Thank you. That is very good to learn and I looked over the wikipedia article. B...

lambda · on April 29, 2012

Yes, basically. UTF-8 doesn't encode a code point as a single integer; it encodes it as a sequence of bytes, with a particular order, where some of the bits are used to represent the code point, and some of them are just used to represent whether you are looking at an initial byte or a continuation byte.
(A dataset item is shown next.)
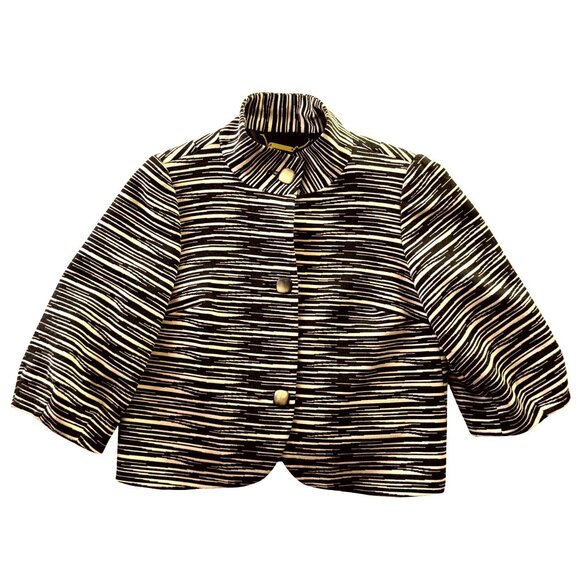 Trina Turk Jacket Size 6 Black Cream Abstract Cropped Blazer Vintage USA Made - Picture 2 of 13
I'd recommend checking out the description of UTF-8 in Wikipdia. The tables make it fairly clear how the encoding works: http://en.wikipedia.org/wiki/UTF-8#Description

ori_b · on April 29, 2012

utf-8 is a single byte encoding. Reversing the order of a sequence that's one byte long just gives back that one byte.

kijin · on April 29, 2012

No it isn't. Any letter with an accent will take up two bytes. Most non-Latin characters take up three bytes, sometimes even four.

ori_b · on April 30, 2012

Poorly phrased. It can take multiple bytes to fully define one codepoint, but the encoding is defined in terms of a stream of single bytes. In other words, each unit is one byte, hence flipping each unit gives back the same unit.

This is not the case for UTF-16 and UTF-32.

ybungalobill · on May 1, 2012

AFAIK the correct term is "byte oriented".

Tloewald · on April 30, 2012

Yes but those two bytes will be in the same order regardless of the endianness of the system.